Try it: Recreate the listing that follows line for line, without pictures.

::: Stored data :::

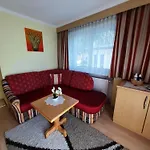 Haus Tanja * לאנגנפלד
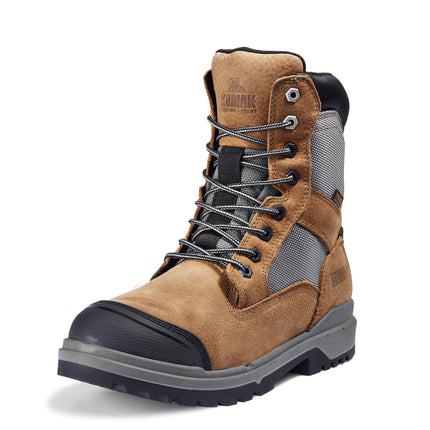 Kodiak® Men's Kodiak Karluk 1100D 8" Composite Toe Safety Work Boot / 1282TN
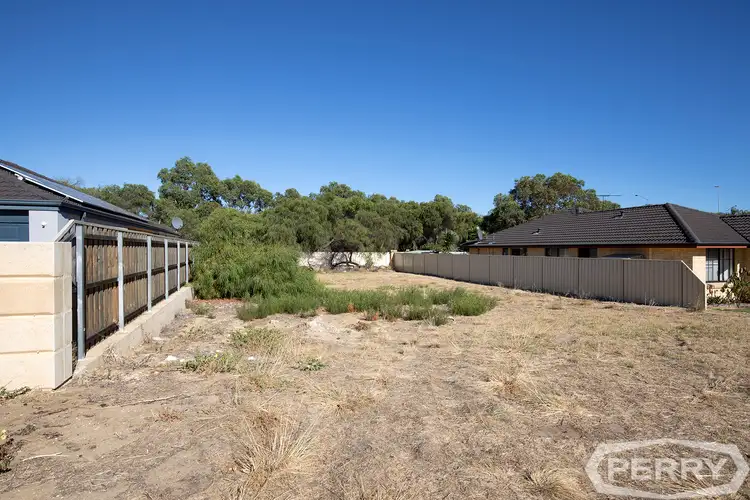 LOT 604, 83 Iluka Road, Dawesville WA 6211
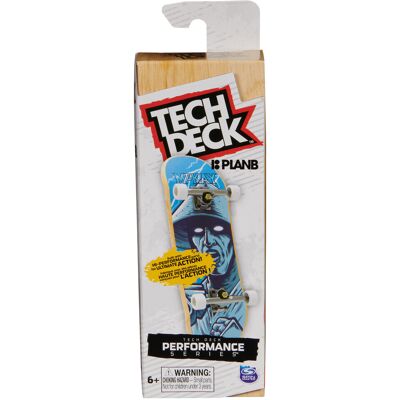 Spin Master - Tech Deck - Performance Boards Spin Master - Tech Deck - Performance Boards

:::

Answer to this exercise:
 Haus Tanja * לאנגנפלד
 Kodiak® Men's Kodiak Karluk 1100D 8" Composite Toe Safety Work Boot / 1282TN
 LOT 604, 83 Iluka Road, Dawesville WA 6211
 Spin Master - Tech Deck - Performance Boards Spin Master - Tech Deck - Performance Boards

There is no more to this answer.